Brown contends that all business is battle. “Regardless of how you make your profits, there’s somebody out there willing to do the same thing faster or cheaper or better than you can,” he writes. “How are you going to beat them?” (p. ix.) Brown quotes Sun Tzu’s The Art of War throughout the book, linking sayings from it—like ”Let your great object be victory, not lengthy campaigns”—to examples of business strategy. (Most of which are not literal battles, unlike the fights to enforce market collusion among California raisin producers.)
(You can read all of our book briefings here.)
But the war metaphor and the related lessons are in many ways the least interesting parts of the book, which sparkles with tales of American business adventure, relayed by a skilled storyteller. Brown dismisses the notion that they’re case studies, instead thinking of them as epic hero narratives.
Among the 27 stories that Brown presents:
- The creation of Southwest Airlines. Cofounder Herb Kelleher fought off 31 lawsuits by established rivals over three years before the upstart Texas airline could get off the ground, and cried when it completed its first flight. Southwest then went on to become “the industry’s most ferocious competitor.”
- The birth of the Barbie doll. Ruth Handler couldn’t convince Mattel executives to make a doll of a grown-up woman for girls to play with until she brought back dolls of a risque comic strip character she spotted during a family vacation in Switzerland. Handler’s success was rooted in advertising Barbies and other toys directly to kids via television.
- The success of Bumble. After being unfairly pushed out of Tinder, Whitney Wolfe founded a rival dating app that introduced rules to create a safer, friendlier environment for users of all genders.
- The story of Biocon. Kiran Mazumdar-Shaw founded this Indian biotech firm, combating bias against women executives along the way. She succeeded in part by selling drugs for very low prices, an approach Western pharma giants had shunned.
- The rise of General Motors’ Mary Barra. Having gotten her start inspecting hoods and fenders on new Pontiacs, Barra went on to be named CEO of the automaker. Along the way she brought focus to improving quality and safety, introducing the slogans “No more crappy cars” and “If you’re worried, I’m worried.” Barra’s battle is to fight off Tesla and other rivals and reorient the company toward an electric-vehicle future.
- The triumph of Beats by Dre over Monster Cable. Beats by Dre savvily out-negotiated the company that designed and manufactured its headphones, enabling it to take full control of the product and revenues by triggering a change of control clause that Monster Cable hadn’t focused on.
What are the takeaways Brown offers for people interested in business today?
- Intuition is a key element of success. “In an unfamiliar, unpredictable environment, a leader who trusts their intuition enough to act decisively in the absence of clear answers is at a distinct advantage,” Brown writes.
- It’s important to learn and recover from failure. “These leaders had many more downs than ups,” says Brown.
- Successful leaders know their own business inside and out.
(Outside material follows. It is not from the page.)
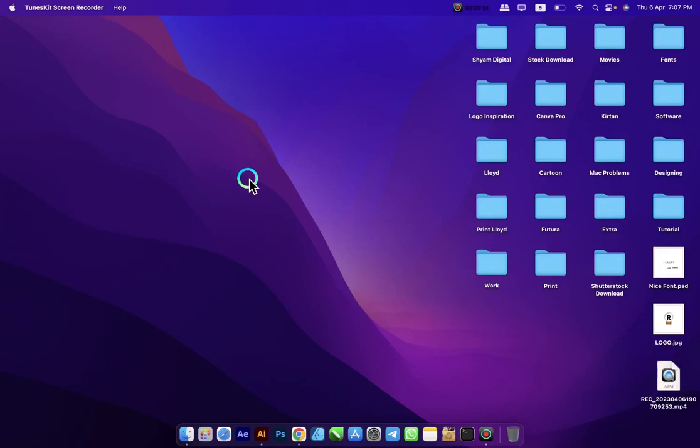Hi friends, today I will teach you how to type Gujarati Indic in macOS. macOS updated this feature in Ventura 13.3 version, so now we don't need any third-party plugins like Keyman.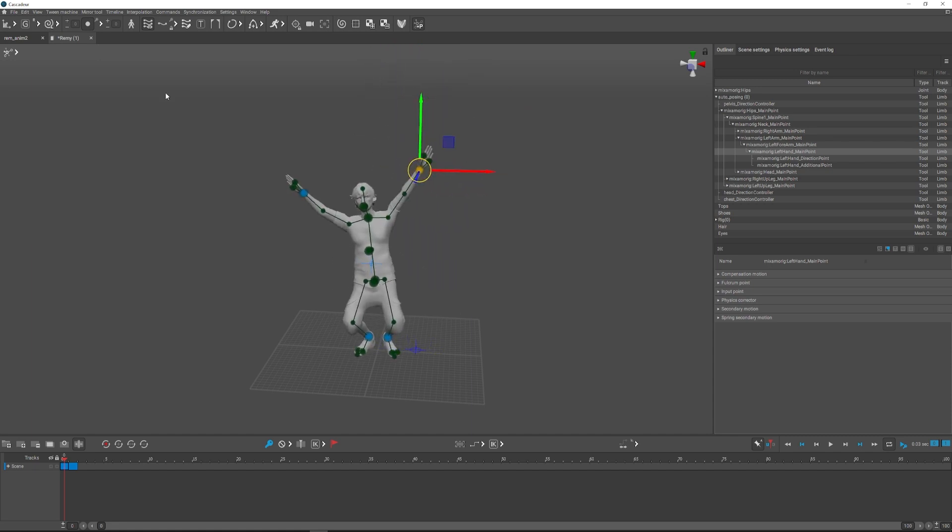The character is rigged and ready to be animated. I in turn will open a scene where I already have one simple animation.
Olive Ann Beech, the CEO of Beech Aircraft, memorized the parts of airplanes, even if she didn’t know how to fly.
- Simple determination carries the day. Witness Kelleher’s perseverance in weathering the legal attacks to start Southwest.
- No victory is ever final. “When the world changes, but the business doesn’t, the war is over,” writes Brown. IBM’s devotion to punch cards that were responsible for its business success served it poorly in the face of upstarts using magnetic tape to store data.
- Experiment endlessly. Earl Tupper tinkered with various approaches to plastic manufacturing until discovering the approach that led to Tupperware. William Wigley began selling soap then tried baking powder before settling on chewing gum.
To be sure…
- The war metaphor feels stretched and superfluous in numerous places, and the idea of all business endeavors representing a zero-sum competition against a rival seems questionable. Brown focuses on the advances born from a crush-all-foes battle philosophy, but it also can be responsible for the toxic effects of capitalism as well.
- The businesses profiled skew toward consumer brands and establishment historical figures. Of the 27 business stories, roughly eight have female protagonists. And by my count only three have protagonists who are people of color, with just one of them American. The world is ready for a US business history book that makes the extra effort to go beyond the white canon.
- The stories are well told, but many will already be familiar to anyone who has studied American business history, or read Fortune, Businessweek, and The Wall Street Journal during the final decades of the 20th century.
Memorable anecdotes and facts:
- Prior to getting into the automotive business, Henry Ford was chief engineer for Thomas Edison’s Edison Illuminating Company.
- Ford’s Model T car cost less than today’s equivalent of $4,000.
- Mattel was the first company to broadcast TV ads intended for kids, marketing its Burp Gun on “The Mickey Mouse Club.”
- Handel, Barbie’s creator, was convicted on federal conspiracy charges for using illegal accounting practices to prop up Mattel’s share price.
- Beech held one-on-one meetings with managers at the company because she didn’t want to put up with male executives talking over her in group meetings.
- The original name of Spanish clothing retailer Zara was Zorba (from the film “Zorba the Greek”) but a local bar had that same name so they rearranged letters for the signage to come up with Zara.
- Wrigley in 1915 mailed four sticks of spearmint gum to every household in the phone book, representing over 1.5 million packages.
- Nintendo originally created the mega-hit Donkey Kong videogame to install it in unused arcade cabinets designed for a game called Radar Scope, which had flopped in the US.
Choice quotes:
- “Serial entrepreneurs learn to see resistance as a sign of encouragement: the greater the fight against an idea, the greater its potential.” (p. 21)
- “Pillaging an existing customer base with a superior offering is much easier than winning people over to a brand-new product or service.” (p. 28)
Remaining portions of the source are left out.